MATERIAL SHOWN section start

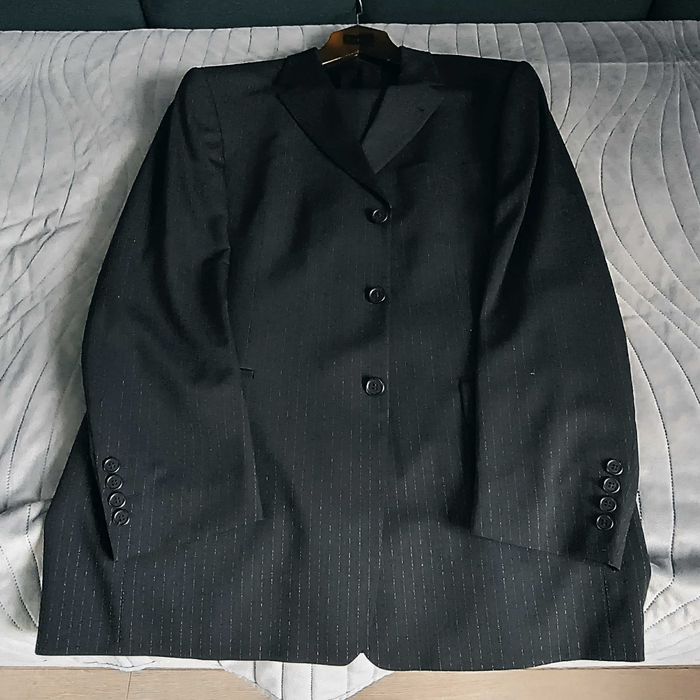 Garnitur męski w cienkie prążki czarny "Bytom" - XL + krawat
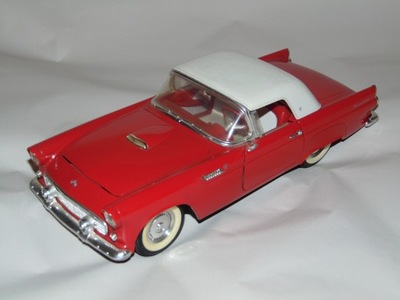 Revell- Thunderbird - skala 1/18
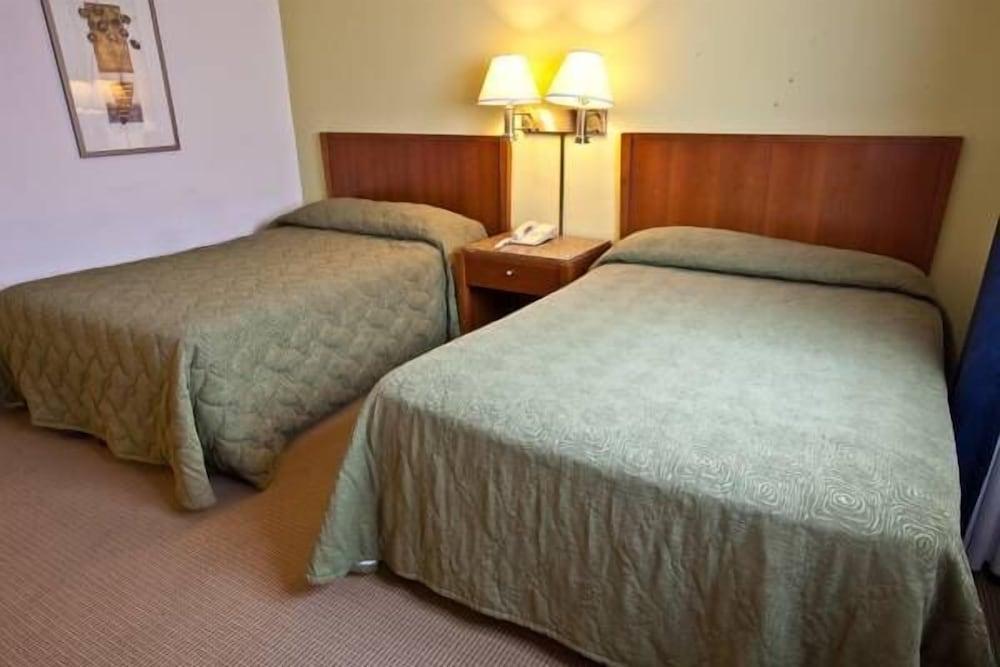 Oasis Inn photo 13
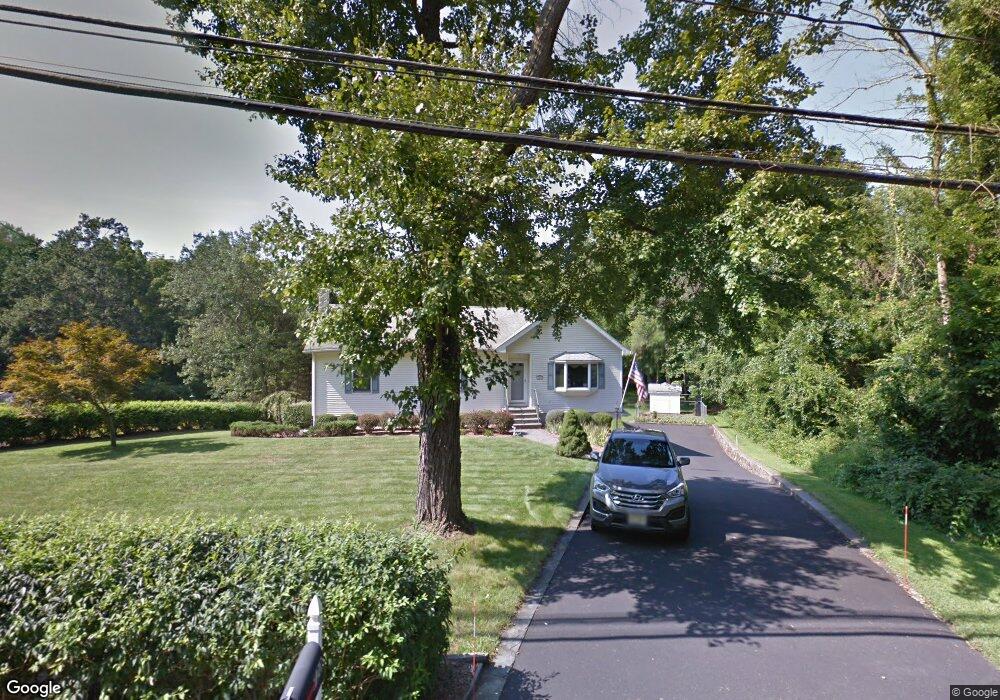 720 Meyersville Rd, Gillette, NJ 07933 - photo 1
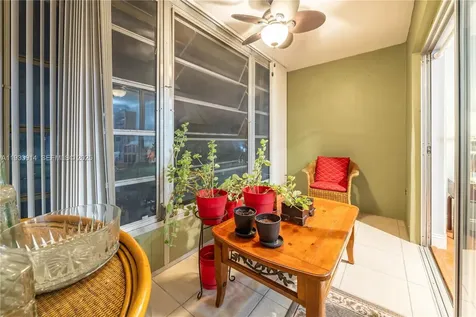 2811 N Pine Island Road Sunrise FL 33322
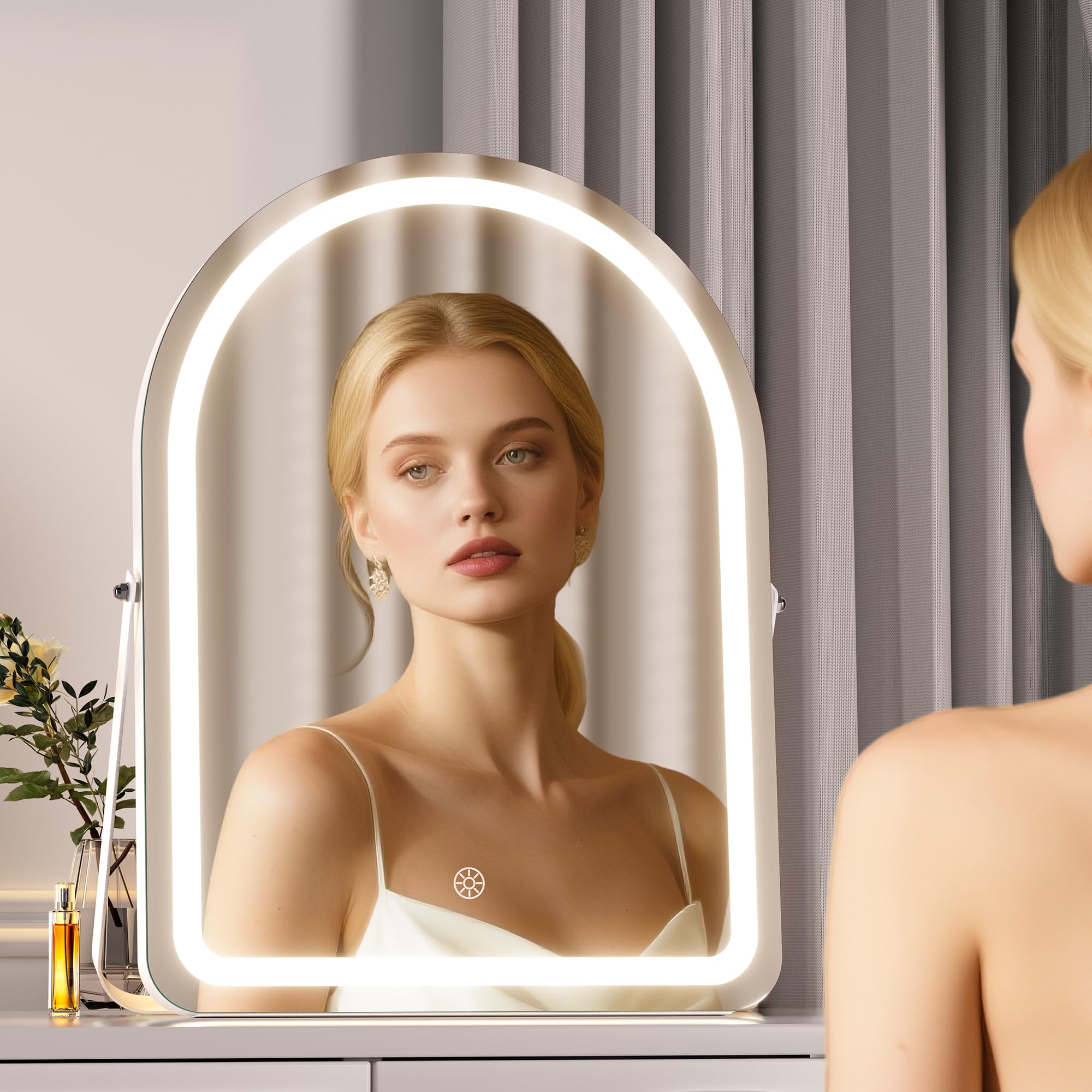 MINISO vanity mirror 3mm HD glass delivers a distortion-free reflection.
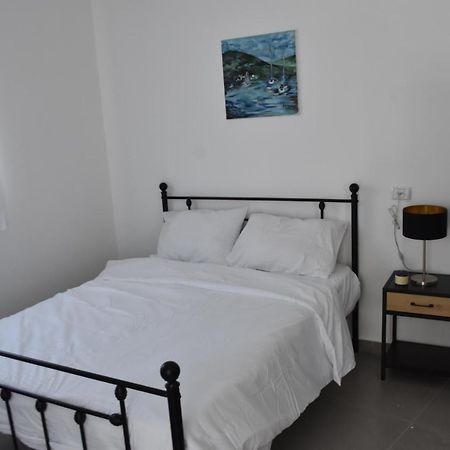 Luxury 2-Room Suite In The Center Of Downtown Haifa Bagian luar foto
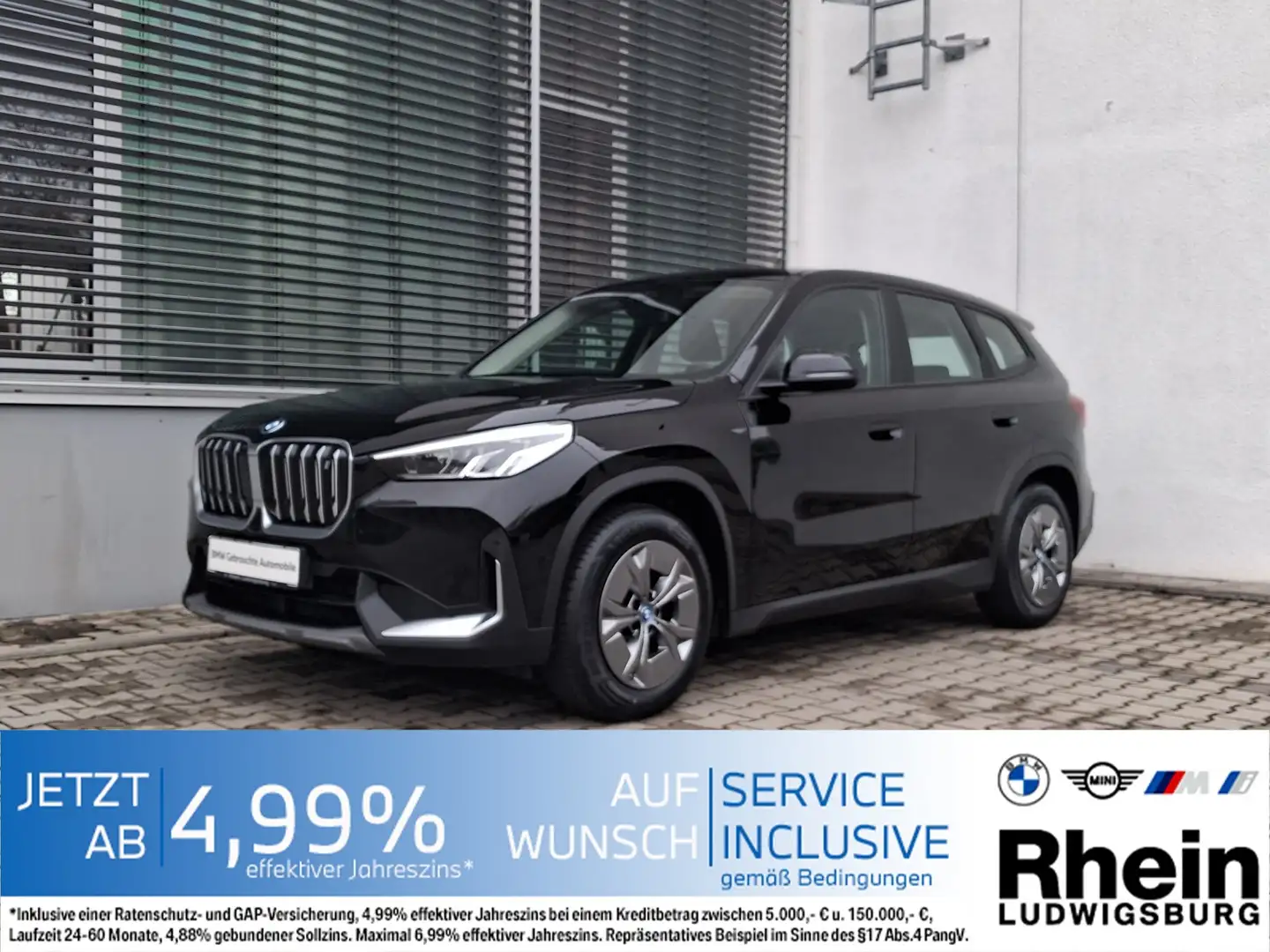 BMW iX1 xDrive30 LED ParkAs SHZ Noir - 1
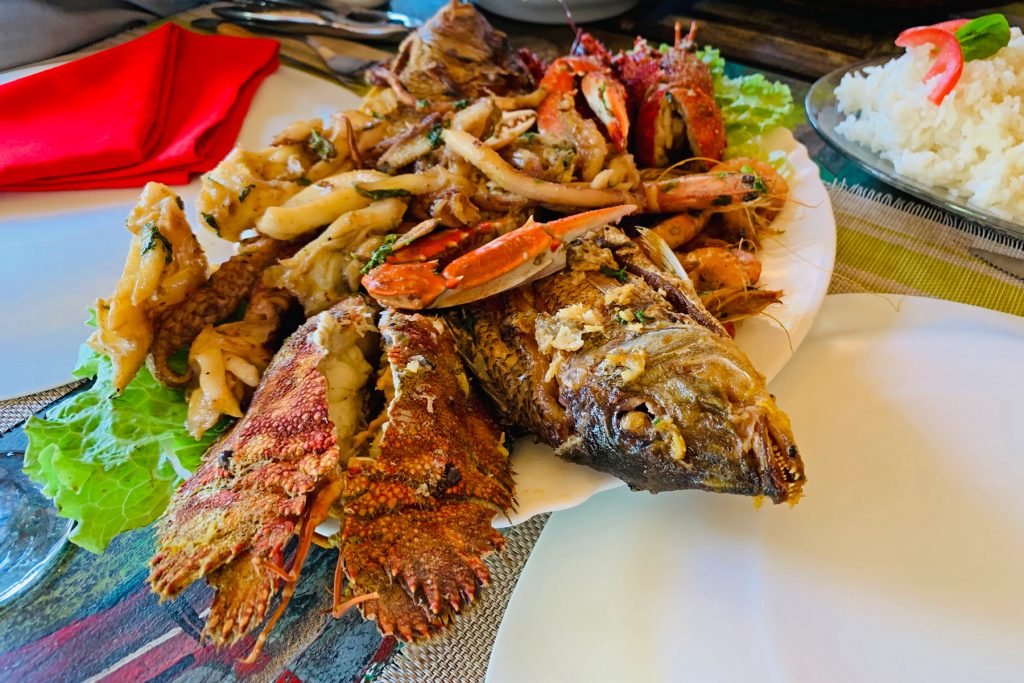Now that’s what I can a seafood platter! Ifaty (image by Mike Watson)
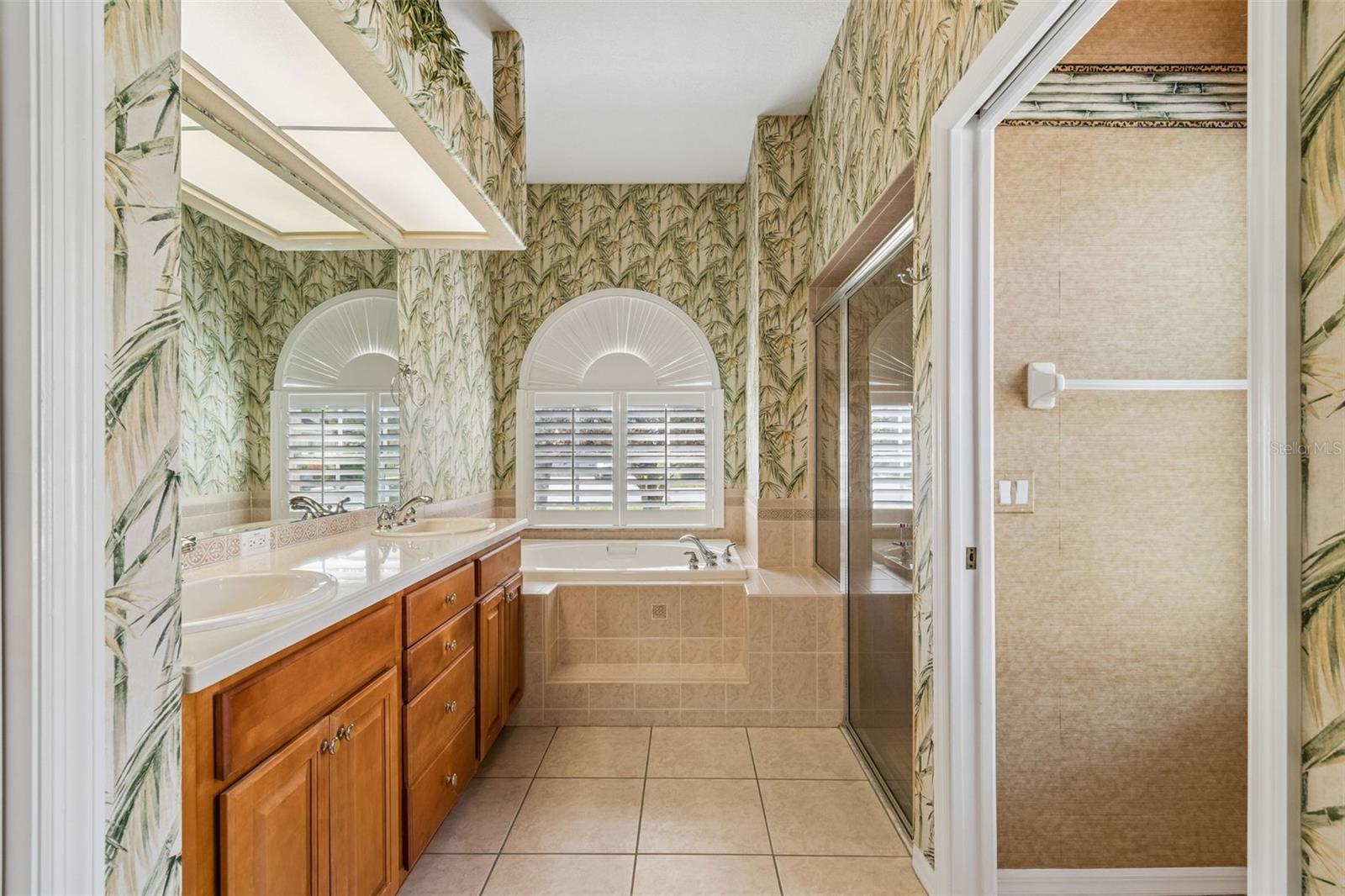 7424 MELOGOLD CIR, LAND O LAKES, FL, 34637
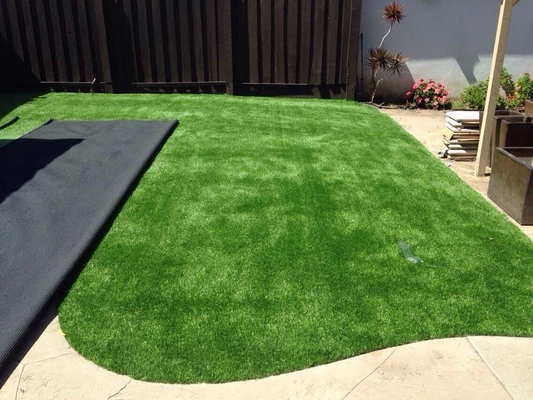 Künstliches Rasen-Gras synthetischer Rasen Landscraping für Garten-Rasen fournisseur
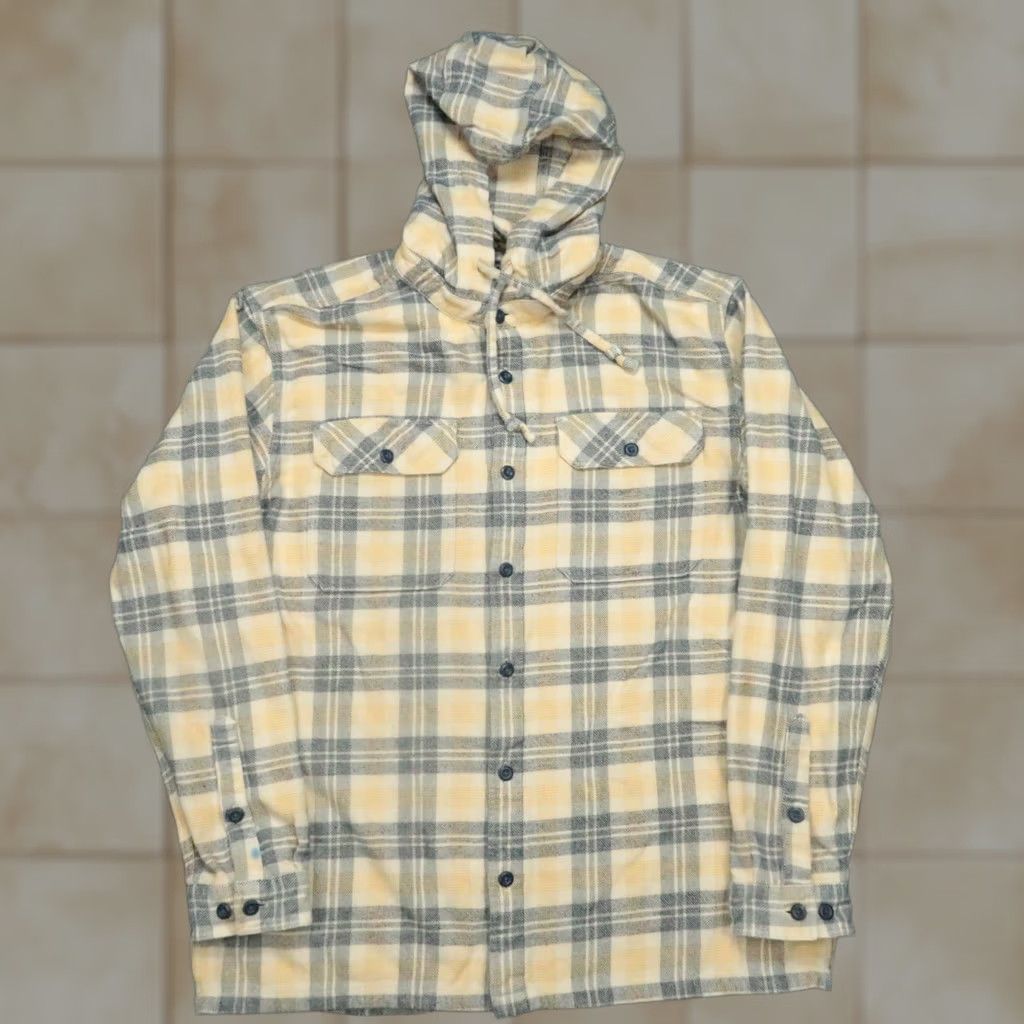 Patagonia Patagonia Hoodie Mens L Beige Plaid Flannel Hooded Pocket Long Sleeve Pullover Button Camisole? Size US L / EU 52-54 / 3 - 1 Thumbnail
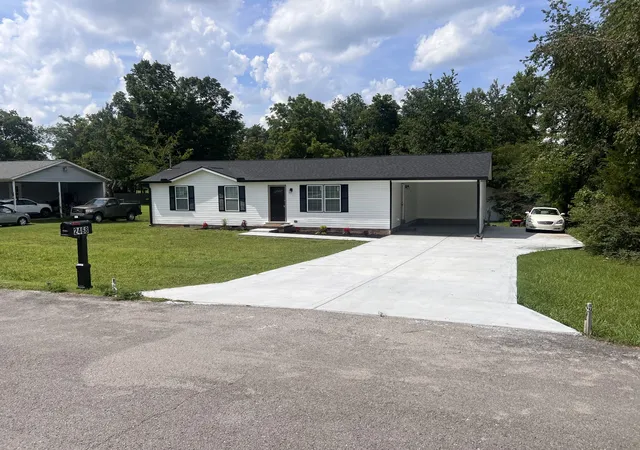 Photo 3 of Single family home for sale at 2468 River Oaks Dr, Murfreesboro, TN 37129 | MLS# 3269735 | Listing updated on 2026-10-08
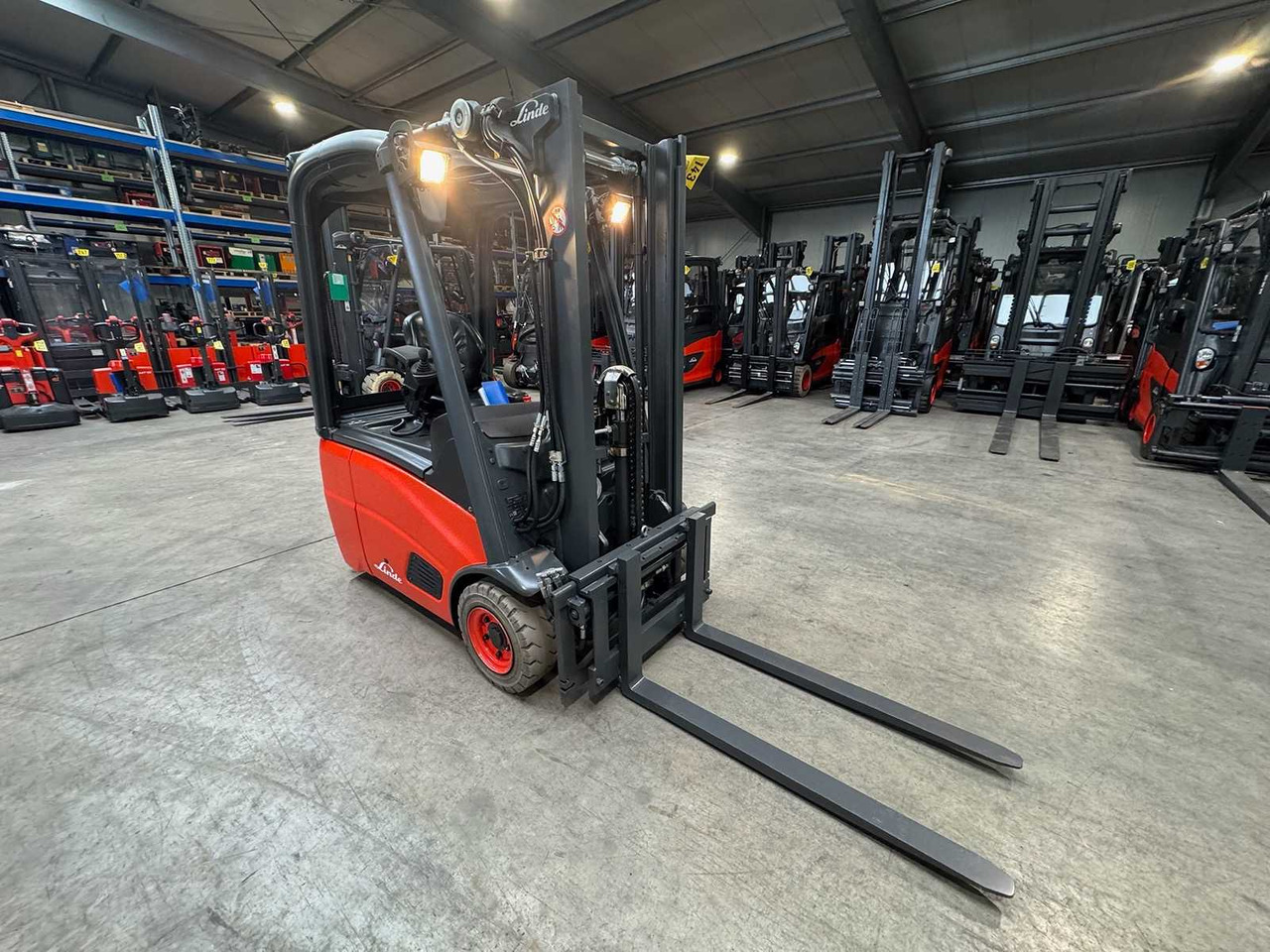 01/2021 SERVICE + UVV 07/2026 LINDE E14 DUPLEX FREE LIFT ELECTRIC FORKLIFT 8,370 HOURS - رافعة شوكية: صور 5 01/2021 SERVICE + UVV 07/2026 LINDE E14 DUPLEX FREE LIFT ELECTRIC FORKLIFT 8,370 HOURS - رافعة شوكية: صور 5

MATERIAL SHOWN section end

# WHAT THIS TASK INVOLVES
Transcribe the data exactly, minus any images.

# SOLUTION TO THIS EXERCISE
 Garnitur męski w cienkie prążki czarny "Bytom" - XL + krawat
 Revell- Thunderbird - skala 1/18
 Oasis Inn photo 13
 720 Meyersville Rd, Gillette, NJ 07933 - photo 1
 2811 N Pine Island Road Sunrise FL 33322
 MINISO vanity mirror 3mm HD glass delivers a distortion-free reflection.
 Luxury 2-Room Suite In The Center Of Downtown Haifa Bagian luar foto
 BMW iX1 xDrive30 LED ParkAs SHZ Noir - 1
Now that’s what I can a seafood platter! Ifaty (image by Mike Watson)
 7424 MELOGOLD CIR, LAND O LAKES, FL, 34637
 Künstliches Rasen-Gras synthetischer Rasen Landscraping für Garten-Rasen fournisseur
 Patagonia Patagonia Hoodie Mens L Beige Plaid Flannel Hooded Pocket Long Sleeve Pullover Button Camisole? Size US L / EU 52-54 / 3 - 1 Thumbnail
 Photo 3 of Single family home for sale at 2468 River Oaks Dr, Murfreesboro, TN 37129 | MLS# 3269735 | Listing updated on 2026-10-08
 01/2021 SERVICE + UVV 07/2026 LINDE E14 DUPLEX FREE LIFT ELECTRIC FORKLIFT 8,370 HOURS - رافعة شوكية: صور 5 01/2021 SERVICE + UVV 07/2026 LINDE E14 DUPLEX FREE LIFT ELECTRIC FORKLIFT 8,370 HOURS - رافعة شوكية: صور 5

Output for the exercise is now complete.